Amazon is doing a bit of its own railroading these days, being a bully to book publisher Hachette because of a contract dispute. Amazon is taking down pre-order buttons for Hachette titles on its site, raised prices on the publisher’s offerings, and even changed page design to feature other titles that compete with Hachette. It’s not nice, but it’s certainly possible when you own the railroad.
The argument for and against Amazon has gone back and forth. Amazon is killing the independent bookstore. Amazon is making reading more popular and more affordable. I have tended to go for the positive view of Amazon, because I like to read, and I see how easy the company has made it to get more books. Now we’re into a new stage of the game, and it’s not a family-friendly round of Monopoly.
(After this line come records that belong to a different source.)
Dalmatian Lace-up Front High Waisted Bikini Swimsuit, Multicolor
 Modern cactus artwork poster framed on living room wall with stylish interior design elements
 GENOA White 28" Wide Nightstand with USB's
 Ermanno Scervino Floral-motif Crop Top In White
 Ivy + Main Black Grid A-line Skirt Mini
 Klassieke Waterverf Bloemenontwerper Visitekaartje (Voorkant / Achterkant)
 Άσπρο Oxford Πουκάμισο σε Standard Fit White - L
This is the kind of game aimed at putting competitors out of business, pushing smaller companies around, and getting your way even if it means people will see who you really are. I’ve read about Jeff Bezos and what a not-nice guy he is. Visionary, but brutal. Now, with his moves against Hachette, I have a sense sense of the way he wants to play. He’s a monopolist. He’s part of a larger movement online, because the railroad baron attitude is coming back.
Have you heard it stated that there can be only one Facebook? Only one Twitter? Only one Dropbox? Only one Evernote?
A competitor to Evernote called Springpad has been fun to use because it permits me a little more creative control than Evernote. It’s shutting down next month due to lack of cash. (It was free.) Sure, there’s a problem with providing an app for free, and there’s a problem with profitless startups. By the way, Amazon also does not turn a profit. That’s right – lots of money comes in, and Jeff Bezos has enough personal wealth to buy the Washington Post. But, as the expression goes, it’s a great company but a lousy business.
Amazon has the muscle tell other companies what to do, just as Time-Warner and Comcast are trying to tell us how fast the Internet will be. These monopolists are willing to exercise power and in the process show us what they really stand for. Maybe that’s the upside.